If you read the posts above you will find that people across Canada and the U.S. have heard this expression and others in the same locations have never heard it.  It seems to be hit and miss, but it's not confined to one region.


----------



## Adrfair

My mother used this phrase often when I was growing up in Vancouver BC in the 1950's and 60's. She was of Swedish parents and was born and grew up near Toronto Ontario. She asked is we were sufficiently sophonsified after a meal. No one I know has ever heard the phrase.


----------



## catzpjz

Long time since anyone posted on this, but I was googling "suffonsified," as my great aunt used to to have this humorous quote at the end of a grand meal, when someone offered her more: "No, thank you; I am sufficiently suffonsified. if I eat any more, I will burst my quiddyquod, and be obnoxious to the company." This, of course, became a family saying...She was born in Steven Point, WI, in the 1870's, and lived between there and N. MN, where we also had Fr, Canadian relatives living.


----------



## london calling

Mr Mechtronic said:


> My grandmother was directly from London England and thus had always assumed that the phrase was brought along with her from England. My grandmother was in her 90's when she would recite this - the question then is, did she learn it later in life or earlier when she lived in London in the 1800's.


Never heard it back in London. My maternal grandma was born there in 1905 and was a fantastic source of uniquely local expressions.  Shame she's not around to ask her. I'll have to see if my parents remember it.


----------



## Egmont

london calling said:


> Never heard it back in London. My maternal grandma was born there in 1905 and was a fantastic source of uniquely local expressions.  Shame she's not around to ask her. I'll have to see if my parents remember it.
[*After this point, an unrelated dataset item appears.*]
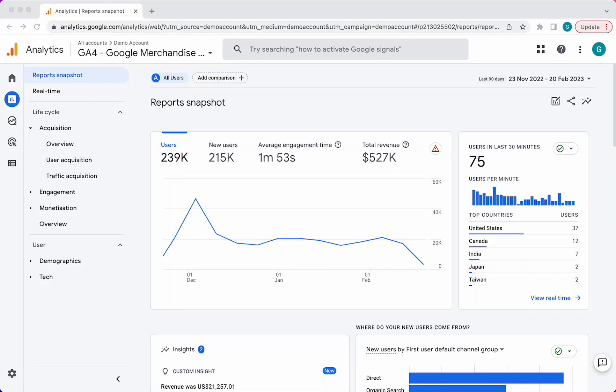Hi there, my name is Gabriel, SEO Manager at Hike SEO, and in this video I want to introduce you to the new user interface of Google Analytics 4.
My mother was born in London in 1908, my father in Leeds in 1905. Don't recall either of them saying it. They're not around to ask any more, either.


----------



## JayTerry

My dearly departed Father, born 12/13/11, whose Father was born in Germany, and whose also dearly departed Mother would take the little ones to Kitchner, ON, CA for the summers to avoid allergies in Indiana, would say after a nice meal: "My sufficiency is suffanciful, any more would be superfluous redundancy. " Since Google corrected to suffancified, we can go with that. We lil rugrats would respond in jest to him, "what? Your pants are full?" My daughter when she was about 10 (circa 2012) has updated further to: " My sufficiency is suffanciful, any more would be spaghetti in my pants."


----------



## RM1(SS)

JayTerry said:


> Google corrected to suffancified


So, of course, I Googled _suffancified_ - and got 155 hits on _suffonsified_. I told it I really did want the former spelling, and it gave me 49 hits on that.


----------



## Minnesota Guy

This rang a bell. A woman I once knew used this word, in exactly the fashion you all have described.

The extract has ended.